**Exercise materials:**
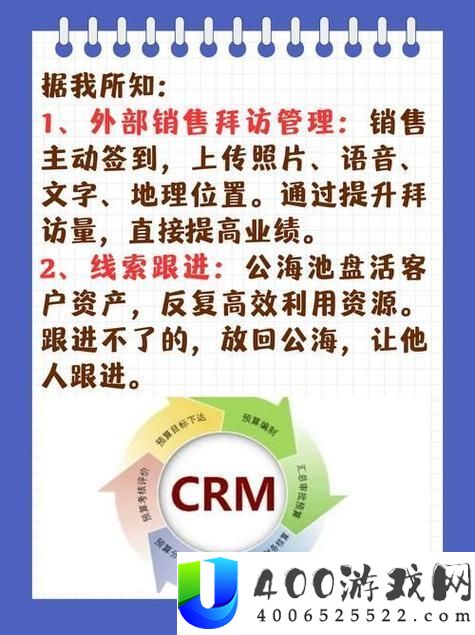 CRM1688成免费选择：探索CRM1688在企业管理中的免费应用及效能提升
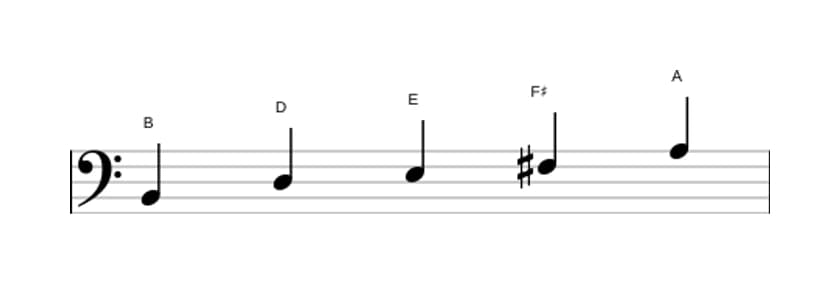 Sheet music of the B Minor pentatonic scale in three octaves (2)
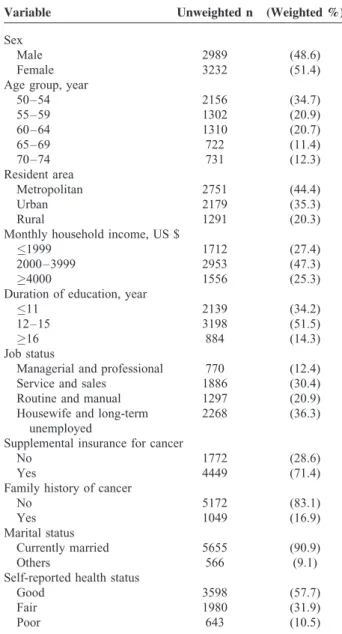 Table 2 displays the basic characteristics of the 6221 respondents, of whom 51.4% were female and 55.6% were between 50 and 59 years of age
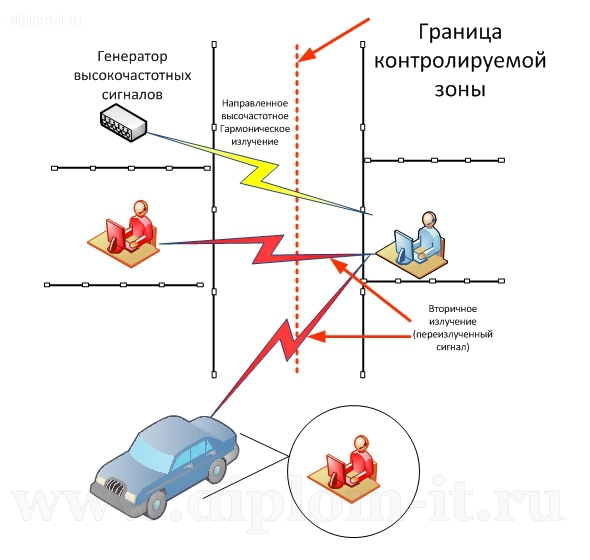 Границы контролируемой зоны схема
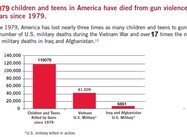 Since 1979, Firearms have Killed 120,000 US Children, Many more than Troops in Vietnam or Iraq & Afghanistan Wars (Graph)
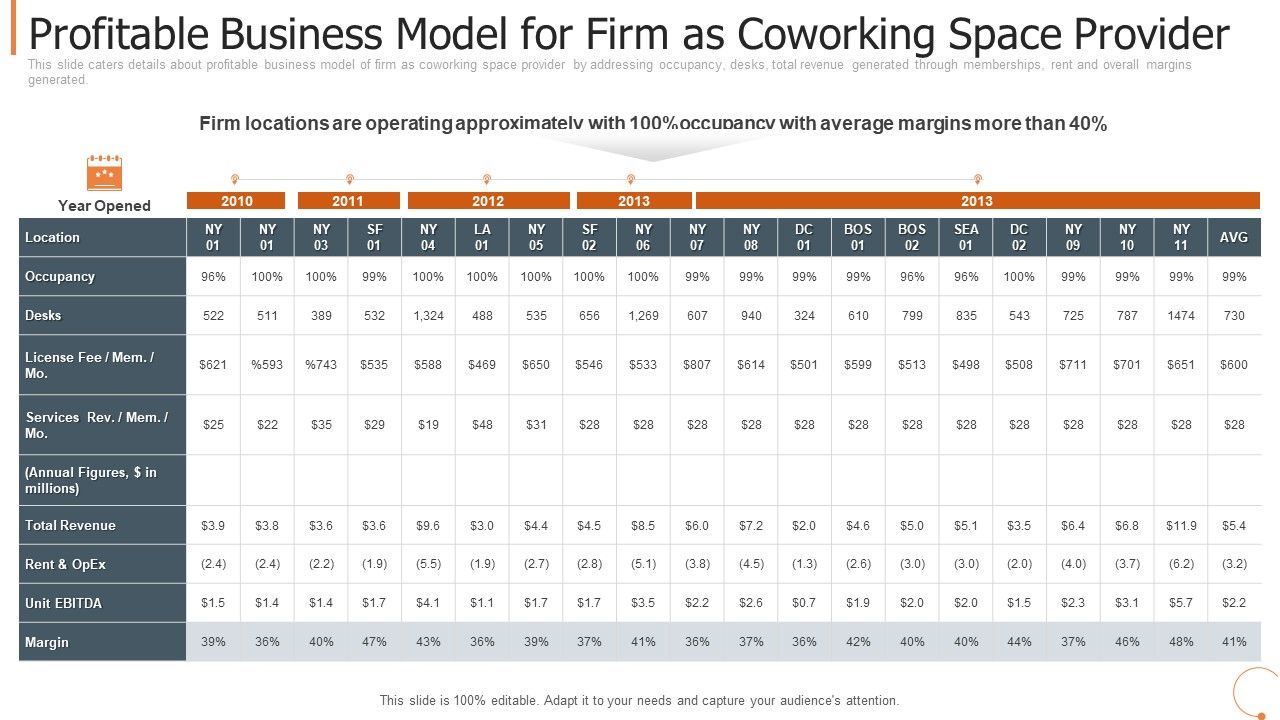 Profitable_Business_Model_For_Firm_As_Coworking_Space_Provider_Introduction_PDF_Slide_1.jpg
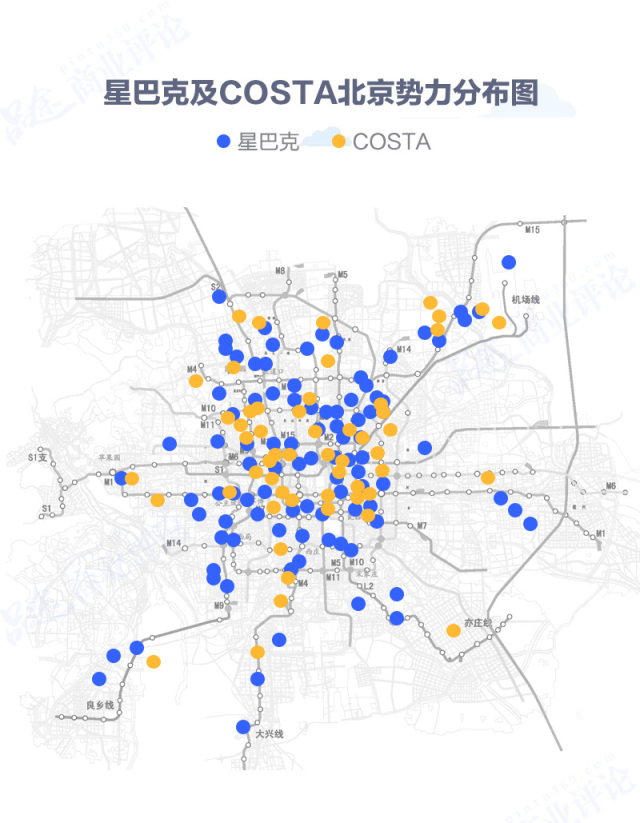 过河拆桥！星巴克COSTA甩开中国合伙人，正瓜分万亿咖啡市场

**Task to complete:** The listing above is to be set down word for word, without its images.

**Reply:**
 CRM1688成免费选择：探索CRM1688在企业管理中的免费应用及效能提升
 Sheet music of the B Minor pentatonic scale in three octaves (2)
 Table 2 displays the basic characteristics of the 6221 respondents, of whom 51.4% were female and 55.6% were between 50 and 59 years of age
 Границы контролируемой зоны схема
 Since 1979, Firearms have Killed 120,000 US Children, Many more than Troops in Vietnam or Iraq & Afghanistan Wars (Graph)
 Profitable_Business_Model_For_Firm_As_Coworking_Space_Provider_Introduction_PDF_Slide_1.jpg
 过河拆桥！星巴克COSTA甩开中国合伙人，正瓜分万亿咖啡市场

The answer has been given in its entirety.